December 9, 2013
Quantum Effects Help Cells Capture Light, But The Details Are Obscure
Ultrashort laser pulses reveal that 'coherence' plays a subtle role in energy transfers
Sophisticated recent experiments with ultrashort laser pulses support the idea that intuition-defying quantum interactions between molecules help plants, algae, and some bacteria efficiently gather light to fuel their growth. But key details of nature's vital light-harvesting mechanisms remain obscure, and the exact role that quantum physics may play in understanding them is more subtle than was once thought, according to an Overview Article in the January issue of BioScience.
Quantum mechanics envisages particles as being smeared over regions of space, rather than being pointlike, and as interfering with each other like waves. The smearing is undetectable in everyday life, but the experimental results indicate that, within arrays of light-harvesting molecules that serve as light "antennas" inside cells, such "coherence" eases ultrafast energy transfers that help organisms use solar energy. It thus allows life to pervade the planet, using the process known as photosynthesis to extract carbon dioxide from the air.

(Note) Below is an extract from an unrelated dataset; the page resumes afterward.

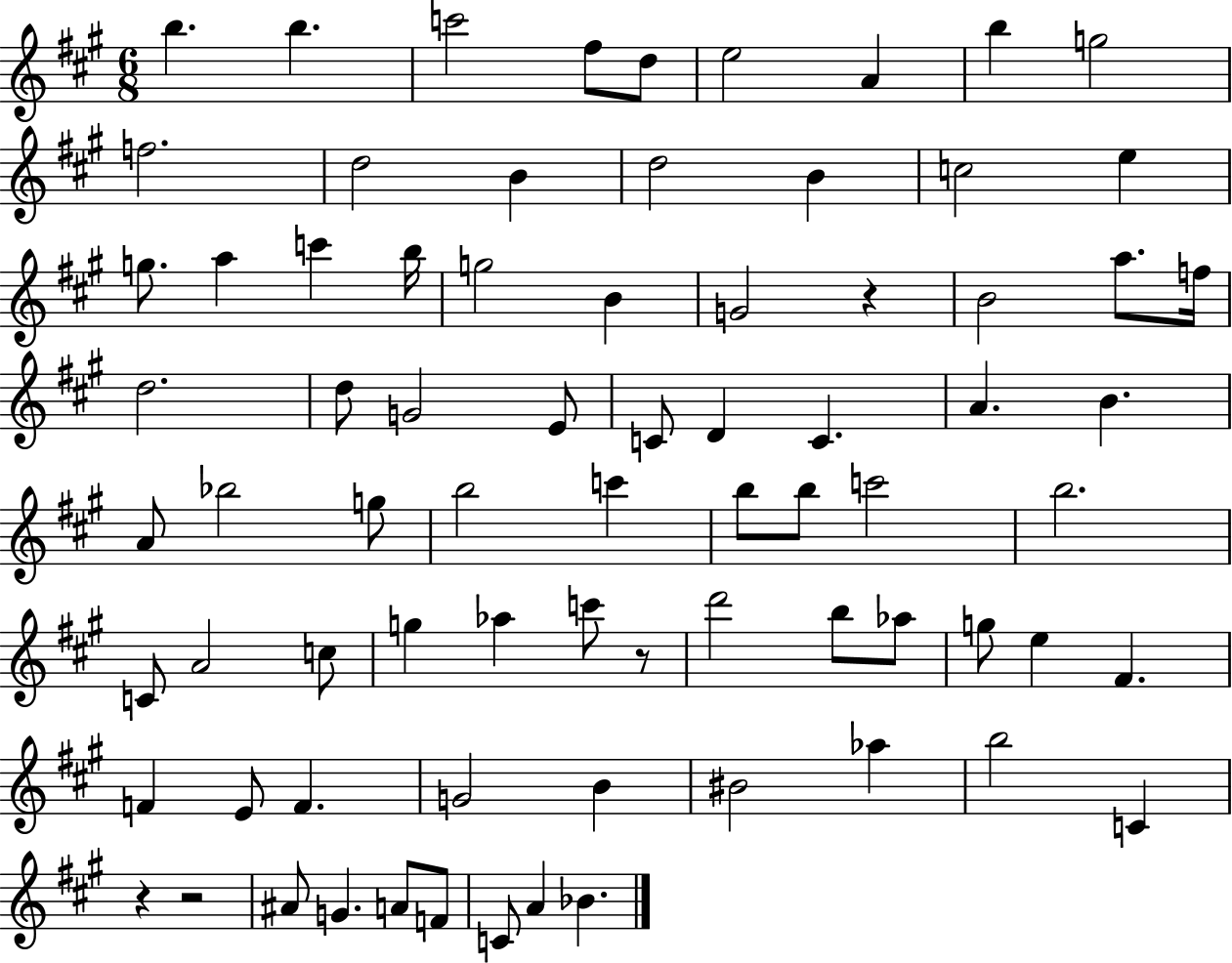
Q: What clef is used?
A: treble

Yet Anna and her colleagues point out that the molecular details of the light-gathering apparatus have evolved very differently in different species, so there is nothing simple about how organisms exploit quantum coherence. Indeed, coherence, contrary to what some researchers have speculated, does not seem to dominate light gathering by providing an express route for conveying energy from where it is first captured to the chemical reaction center where it is used. Instead, Anna and her colleagues write, researchers should "inquire how coherence on short length and time scales might seed some kind of property or function" in light-gathering systems. Such understanding might help scientists devise environmentally friendly solar technologies that could regulate their rate of energy input and redistribute and repair their components when the need arises, as living cells do.